======== Data under study
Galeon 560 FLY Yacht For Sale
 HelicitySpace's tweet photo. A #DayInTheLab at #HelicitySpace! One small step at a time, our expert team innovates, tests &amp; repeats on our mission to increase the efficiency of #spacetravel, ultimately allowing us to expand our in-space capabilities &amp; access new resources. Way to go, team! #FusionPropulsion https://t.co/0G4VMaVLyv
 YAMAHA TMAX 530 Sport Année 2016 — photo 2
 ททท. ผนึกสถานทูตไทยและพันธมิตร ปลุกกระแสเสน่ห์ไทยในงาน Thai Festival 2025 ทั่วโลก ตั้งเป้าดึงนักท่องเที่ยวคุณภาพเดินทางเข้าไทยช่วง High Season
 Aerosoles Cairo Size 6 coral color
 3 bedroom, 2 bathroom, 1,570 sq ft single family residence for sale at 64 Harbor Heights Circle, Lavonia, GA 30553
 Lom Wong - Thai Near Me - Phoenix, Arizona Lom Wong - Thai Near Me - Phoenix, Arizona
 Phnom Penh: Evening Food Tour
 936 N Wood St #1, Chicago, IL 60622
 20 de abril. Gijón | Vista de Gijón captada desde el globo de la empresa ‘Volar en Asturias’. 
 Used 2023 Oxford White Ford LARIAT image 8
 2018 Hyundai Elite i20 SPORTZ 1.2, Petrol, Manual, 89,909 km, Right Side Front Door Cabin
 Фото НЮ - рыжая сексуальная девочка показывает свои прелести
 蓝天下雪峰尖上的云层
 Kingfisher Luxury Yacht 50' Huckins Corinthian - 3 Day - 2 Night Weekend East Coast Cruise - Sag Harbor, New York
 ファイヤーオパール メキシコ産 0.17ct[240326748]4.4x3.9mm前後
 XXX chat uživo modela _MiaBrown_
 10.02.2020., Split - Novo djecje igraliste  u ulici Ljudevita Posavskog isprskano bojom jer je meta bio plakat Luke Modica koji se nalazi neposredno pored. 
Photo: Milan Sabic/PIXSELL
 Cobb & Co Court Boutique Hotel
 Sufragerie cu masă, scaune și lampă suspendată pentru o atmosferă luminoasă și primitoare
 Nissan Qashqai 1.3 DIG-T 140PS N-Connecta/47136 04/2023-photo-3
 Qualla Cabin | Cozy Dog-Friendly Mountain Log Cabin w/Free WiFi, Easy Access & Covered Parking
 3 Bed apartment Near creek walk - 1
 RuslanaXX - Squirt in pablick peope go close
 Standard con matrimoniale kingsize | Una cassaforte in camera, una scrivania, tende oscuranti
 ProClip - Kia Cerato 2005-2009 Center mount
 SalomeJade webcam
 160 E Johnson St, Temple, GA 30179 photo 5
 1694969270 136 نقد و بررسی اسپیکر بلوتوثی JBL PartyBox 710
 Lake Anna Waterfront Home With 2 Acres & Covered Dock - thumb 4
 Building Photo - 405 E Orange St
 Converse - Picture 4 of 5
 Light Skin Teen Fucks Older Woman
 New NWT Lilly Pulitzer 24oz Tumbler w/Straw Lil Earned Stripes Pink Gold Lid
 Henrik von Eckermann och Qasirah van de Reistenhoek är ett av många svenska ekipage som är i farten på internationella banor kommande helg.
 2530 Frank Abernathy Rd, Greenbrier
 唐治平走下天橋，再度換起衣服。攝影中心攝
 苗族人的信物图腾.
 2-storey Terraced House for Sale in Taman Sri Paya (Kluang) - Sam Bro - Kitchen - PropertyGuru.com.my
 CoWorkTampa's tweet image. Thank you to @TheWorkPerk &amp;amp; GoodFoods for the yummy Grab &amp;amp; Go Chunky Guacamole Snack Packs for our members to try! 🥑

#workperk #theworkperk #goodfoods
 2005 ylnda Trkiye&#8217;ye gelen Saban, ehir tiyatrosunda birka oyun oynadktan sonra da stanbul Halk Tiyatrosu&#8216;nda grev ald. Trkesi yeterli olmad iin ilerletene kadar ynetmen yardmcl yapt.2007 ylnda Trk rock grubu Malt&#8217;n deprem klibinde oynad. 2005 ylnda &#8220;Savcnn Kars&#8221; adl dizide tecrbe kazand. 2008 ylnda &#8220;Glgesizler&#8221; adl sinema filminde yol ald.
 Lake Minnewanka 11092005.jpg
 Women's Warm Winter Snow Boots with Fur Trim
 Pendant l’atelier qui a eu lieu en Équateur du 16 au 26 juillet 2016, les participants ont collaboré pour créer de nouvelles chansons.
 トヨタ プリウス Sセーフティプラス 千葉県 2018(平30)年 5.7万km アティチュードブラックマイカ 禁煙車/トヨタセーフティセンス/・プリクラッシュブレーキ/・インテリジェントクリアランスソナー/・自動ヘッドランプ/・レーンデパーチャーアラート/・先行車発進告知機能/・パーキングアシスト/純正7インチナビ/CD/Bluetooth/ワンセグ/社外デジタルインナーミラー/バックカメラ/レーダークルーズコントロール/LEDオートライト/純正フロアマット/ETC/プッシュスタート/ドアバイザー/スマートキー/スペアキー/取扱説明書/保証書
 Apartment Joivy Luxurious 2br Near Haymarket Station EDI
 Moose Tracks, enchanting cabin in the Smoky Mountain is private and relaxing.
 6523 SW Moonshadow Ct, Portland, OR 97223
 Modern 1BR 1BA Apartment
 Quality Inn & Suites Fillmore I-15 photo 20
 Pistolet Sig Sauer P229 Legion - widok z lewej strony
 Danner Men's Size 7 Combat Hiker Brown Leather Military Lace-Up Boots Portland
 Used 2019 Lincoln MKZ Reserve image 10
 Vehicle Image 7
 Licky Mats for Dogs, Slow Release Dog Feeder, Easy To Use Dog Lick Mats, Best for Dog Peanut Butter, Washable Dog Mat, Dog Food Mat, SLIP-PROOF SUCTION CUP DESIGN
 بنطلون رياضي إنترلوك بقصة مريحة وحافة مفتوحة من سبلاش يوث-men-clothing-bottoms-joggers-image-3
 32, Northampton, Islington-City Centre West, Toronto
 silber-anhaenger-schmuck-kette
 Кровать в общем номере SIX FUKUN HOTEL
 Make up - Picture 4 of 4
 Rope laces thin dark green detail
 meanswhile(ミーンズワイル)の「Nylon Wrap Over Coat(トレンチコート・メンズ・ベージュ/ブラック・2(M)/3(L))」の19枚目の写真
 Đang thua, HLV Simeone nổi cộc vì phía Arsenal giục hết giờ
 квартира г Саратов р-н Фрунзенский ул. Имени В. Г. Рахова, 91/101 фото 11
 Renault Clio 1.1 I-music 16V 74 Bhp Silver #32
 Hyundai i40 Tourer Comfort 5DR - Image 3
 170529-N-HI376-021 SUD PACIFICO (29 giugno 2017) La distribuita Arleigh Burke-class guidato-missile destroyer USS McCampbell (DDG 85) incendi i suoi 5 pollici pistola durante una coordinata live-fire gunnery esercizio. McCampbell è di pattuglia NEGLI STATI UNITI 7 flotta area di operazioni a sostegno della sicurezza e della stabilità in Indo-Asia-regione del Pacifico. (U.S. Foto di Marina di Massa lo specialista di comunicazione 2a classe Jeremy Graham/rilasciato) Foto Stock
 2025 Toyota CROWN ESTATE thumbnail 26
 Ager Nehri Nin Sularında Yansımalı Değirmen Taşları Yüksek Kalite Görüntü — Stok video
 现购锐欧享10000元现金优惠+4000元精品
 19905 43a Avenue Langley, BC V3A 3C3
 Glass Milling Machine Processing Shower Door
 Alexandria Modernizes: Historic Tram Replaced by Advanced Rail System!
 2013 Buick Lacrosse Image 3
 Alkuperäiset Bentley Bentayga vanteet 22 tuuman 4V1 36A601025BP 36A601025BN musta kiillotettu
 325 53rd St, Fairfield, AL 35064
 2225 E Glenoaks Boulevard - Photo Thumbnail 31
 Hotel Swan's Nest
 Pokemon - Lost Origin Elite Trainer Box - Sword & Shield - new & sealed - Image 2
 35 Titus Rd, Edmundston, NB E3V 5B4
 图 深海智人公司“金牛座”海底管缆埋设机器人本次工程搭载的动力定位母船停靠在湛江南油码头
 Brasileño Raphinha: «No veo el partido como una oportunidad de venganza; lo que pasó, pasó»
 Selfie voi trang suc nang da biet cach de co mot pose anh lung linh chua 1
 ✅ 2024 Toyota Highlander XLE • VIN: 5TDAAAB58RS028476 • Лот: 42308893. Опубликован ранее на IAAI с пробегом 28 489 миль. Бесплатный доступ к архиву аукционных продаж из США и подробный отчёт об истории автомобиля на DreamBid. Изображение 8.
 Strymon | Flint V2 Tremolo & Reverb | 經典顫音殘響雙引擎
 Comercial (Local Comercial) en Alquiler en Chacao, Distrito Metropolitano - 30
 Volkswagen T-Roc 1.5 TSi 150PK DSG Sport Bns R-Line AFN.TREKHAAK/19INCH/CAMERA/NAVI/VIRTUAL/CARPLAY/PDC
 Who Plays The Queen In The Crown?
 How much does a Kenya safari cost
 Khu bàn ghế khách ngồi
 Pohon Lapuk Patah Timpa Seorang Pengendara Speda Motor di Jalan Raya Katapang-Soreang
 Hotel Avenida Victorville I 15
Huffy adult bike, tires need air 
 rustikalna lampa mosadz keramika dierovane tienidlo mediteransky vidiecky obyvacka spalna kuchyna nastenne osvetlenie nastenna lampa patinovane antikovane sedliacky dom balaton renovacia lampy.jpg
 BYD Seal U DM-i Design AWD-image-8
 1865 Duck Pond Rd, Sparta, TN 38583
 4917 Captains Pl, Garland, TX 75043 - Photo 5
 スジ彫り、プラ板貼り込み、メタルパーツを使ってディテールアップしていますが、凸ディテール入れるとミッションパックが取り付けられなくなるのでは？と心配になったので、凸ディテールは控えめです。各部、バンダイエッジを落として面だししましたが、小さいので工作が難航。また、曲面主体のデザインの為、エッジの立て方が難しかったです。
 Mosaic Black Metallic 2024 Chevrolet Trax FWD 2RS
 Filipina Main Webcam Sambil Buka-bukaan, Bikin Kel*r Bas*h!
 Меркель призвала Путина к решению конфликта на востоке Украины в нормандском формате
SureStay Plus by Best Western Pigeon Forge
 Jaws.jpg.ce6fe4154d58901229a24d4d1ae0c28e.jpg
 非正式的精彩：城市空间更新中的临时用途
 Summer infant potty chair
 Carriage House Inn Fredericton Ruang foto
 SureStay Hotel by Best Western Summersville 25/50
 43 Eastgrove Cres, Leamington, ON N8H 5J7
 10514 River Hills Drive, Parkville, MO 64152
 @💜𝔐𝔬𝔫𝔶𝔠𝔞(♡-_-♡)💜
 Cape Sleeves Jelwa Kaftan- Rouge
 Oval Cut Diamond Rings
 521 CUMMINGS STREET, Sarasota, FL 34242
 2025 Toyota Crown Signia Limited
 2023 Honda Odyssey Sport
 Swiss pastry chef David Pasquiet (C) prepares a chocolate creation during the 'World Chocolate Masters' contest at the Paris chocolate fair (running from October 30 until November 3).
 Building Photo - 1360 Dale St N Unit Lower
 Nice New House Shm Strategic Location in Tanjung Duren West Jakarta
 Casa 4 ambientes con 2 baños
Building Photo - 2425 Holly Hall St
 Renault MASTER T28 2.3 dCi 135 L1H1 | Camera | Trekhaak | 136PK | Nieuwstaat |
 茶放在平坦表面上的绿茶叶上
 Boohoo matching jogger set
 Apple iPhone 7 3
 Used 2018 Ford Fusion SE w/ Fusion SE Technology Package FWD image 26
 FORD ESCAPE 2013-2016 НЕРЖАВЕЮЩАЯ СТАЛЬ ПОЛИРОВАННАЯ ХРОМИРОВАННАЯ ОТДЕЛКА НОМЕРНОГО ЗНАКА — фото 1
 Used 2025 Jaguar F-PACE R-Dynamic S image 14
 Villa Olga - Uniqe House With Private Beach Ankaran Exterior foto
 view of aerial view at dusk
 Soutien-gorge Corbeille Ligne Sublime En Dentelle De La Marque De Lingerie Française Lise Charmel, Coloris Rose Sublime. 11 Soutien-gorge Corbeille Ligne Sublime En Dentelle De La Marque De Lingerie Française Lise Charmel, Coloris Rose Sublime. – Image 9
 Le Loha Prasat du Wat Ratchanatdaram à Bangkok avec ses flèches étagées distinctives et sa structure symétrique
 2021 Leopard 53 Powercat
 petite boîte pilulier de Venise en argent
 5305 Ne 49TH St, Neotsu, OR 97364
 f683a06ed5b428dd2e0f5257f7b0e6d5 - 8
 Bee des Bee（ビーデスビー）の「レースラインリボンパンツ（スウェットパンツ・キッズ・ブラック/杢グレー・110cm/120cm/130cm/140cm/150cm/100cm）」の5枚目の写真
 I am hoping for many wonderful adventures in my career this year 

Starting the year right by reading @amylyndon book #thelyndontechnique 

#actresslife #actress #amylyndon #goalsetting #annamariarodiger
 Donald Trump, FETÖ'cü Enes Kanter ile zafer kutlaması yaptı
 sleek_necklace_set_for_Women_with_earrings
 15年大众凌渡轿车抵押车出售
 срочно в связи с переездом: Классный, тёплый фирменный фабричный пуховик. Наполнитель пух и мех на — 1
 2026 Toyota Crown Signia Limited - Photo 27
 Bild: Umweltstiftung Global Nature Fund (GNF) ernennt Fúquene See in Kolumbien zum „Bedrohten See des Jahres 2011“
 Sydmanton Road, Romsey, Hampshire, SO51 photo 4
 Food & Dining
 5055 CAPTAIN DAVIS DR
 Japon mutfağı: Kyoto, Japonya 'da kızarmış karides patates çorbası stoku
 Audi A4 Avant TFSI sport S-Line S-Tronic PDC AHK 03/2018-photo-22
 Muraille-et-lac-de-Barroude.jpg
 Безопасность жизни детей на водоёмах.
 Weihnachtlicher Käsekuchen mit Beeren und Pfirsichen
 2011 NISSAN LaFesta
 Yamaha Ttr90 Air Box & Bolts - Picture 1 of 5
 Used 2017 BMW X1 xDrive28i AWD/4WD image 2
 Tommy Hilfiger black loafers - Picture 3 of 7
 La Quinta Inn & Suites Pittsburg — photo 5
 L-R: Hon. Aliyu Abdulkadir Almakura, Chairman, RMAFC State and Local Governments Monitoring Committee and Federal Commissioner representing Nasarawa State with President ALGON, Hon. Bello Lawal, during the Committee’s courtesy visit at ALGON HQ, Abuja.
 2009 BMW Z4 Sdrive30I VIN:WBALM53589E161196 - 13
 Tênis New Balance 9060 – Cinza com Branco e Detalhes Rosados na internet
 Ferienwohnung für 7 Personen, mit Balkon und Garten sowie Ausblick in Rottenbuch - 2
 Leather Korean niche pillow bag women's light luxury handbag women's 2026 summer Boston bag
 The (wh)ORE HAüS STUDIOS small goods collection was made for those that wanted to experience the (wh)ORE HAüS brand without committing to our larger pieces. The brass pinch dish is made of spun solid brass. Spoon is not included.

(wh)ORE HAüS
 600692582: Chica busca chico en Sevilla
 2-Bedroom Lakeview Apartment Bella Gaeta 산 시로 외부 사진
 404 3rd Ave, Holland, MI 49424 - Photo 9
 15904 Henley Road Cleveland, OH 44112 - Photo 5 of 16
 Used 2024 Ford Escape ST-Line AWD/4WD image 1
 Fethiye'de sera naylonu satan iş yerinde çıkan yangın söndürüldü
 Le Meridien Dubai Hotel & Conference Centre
================
Where the line with "YAMAHA TMAX 530 Sport Année 2016 — photo 2" ends, your copy should end too; please return exactly the lines from the first line of the data through it.

Galeon 560 FLY Yacht For Sale
 HelicitySpace's tweet photo. A #DayInTheLab at #HelicitySpace! One small step at a time, our expert team innovates, tests &amp; repeats on our mission to increase the efficiency of #spacetravel, ultimately allowing us to expand our in-space capabilities &amp; access new resources. Way to go, team! #FusionPropulsion https://t.co/0G4VMaVLyv
 YAMAHA TMAX 530 Sport Année 2016 — photo 2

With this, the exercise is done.